Jésus remarque une femme. Nous ne savons rien d’elle, mais l’essentiel nous est dit. Elle est veuve ; elle a donc perdu le seul être sur lequel elle pouvait s’appuyer. Et elle est pauvre. Mais le très peu qu’elle possède, quelques sous, elle le donne. C’est un geste à la fois sublime et dérisoire. Mais on ne peut dire plus clairement qu’elle « donne sa vie » – puisqu’elle donne tout ce qu’elle a pour vivre. Ce geste elle le fait sans aucune ostentation, et seul, semble-t-il, Jésus, lui qui voit les humbles et les comprend, l’a remarquée.
Quand Marc relate cet épisode, ce temple somptueux n’existe sans doute plus : il a été détruit par les Romains. Mais il veut transmettre aux premiers chrétiens ce qu’avait été le regard de Jésus, et leur apprendre à ne pas juger sur les apparences. En somme il leur dit : quand vous faites le bien, ne vous mettez pas en avant. Votre Père voit dans le secret : cela doit vous suffire.
Plus profondément, nous sommes peu avant la Pâque, qui sera aussi celle de Jésus.

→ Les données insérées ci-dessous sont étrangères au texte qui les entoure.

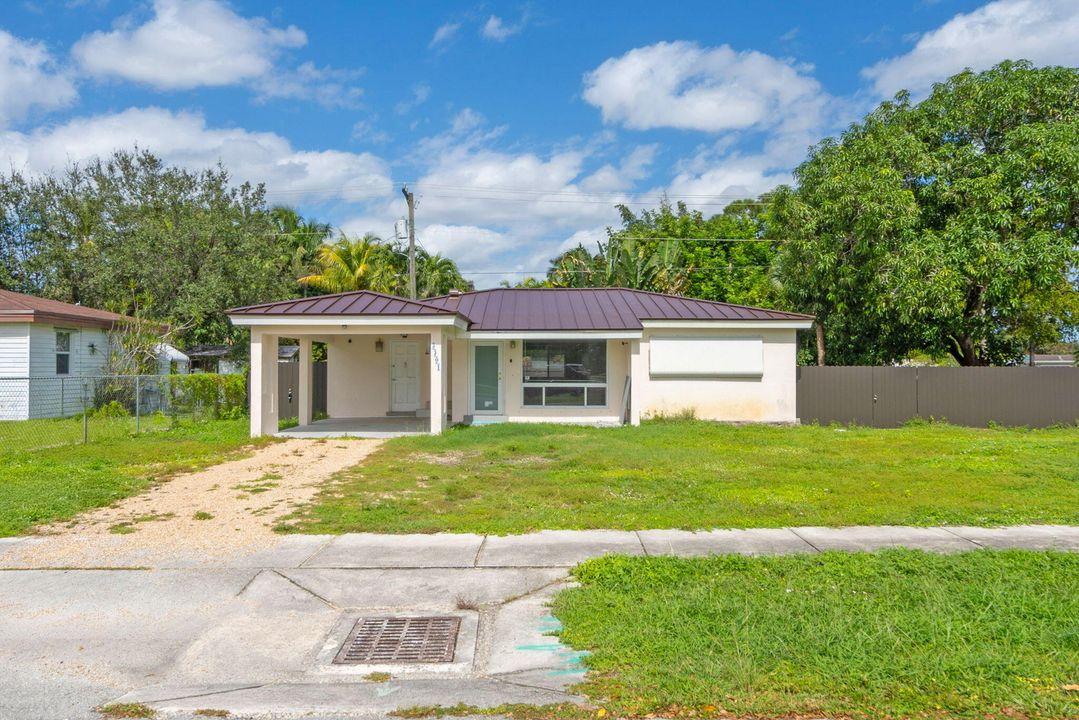 For Sale: $520,000 (2 beds, 2 baths, 1463 Square Feet)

Il sait ce qui l’attend. Certes, il est prêt, lui aussi, à s’abandonner totalement entre les bras du Père. Cependant, étant donné qu’il est dans l’humanité, et qu’il apprend de nous ce que c’est que d’être humain, il voit et il admire dans cette femme ce qu’il doit faire lui-même. Elle est pour lui l’exemple modeste de ce qu’il sera, de façon publique et non pas dérobée – à savoir celui qui donne tout. Le génie de son amour, c’est de voir en elle, sans dédain ni supériorité, la grandeur qui sera la sienne, et qui doit devenir la nôtre.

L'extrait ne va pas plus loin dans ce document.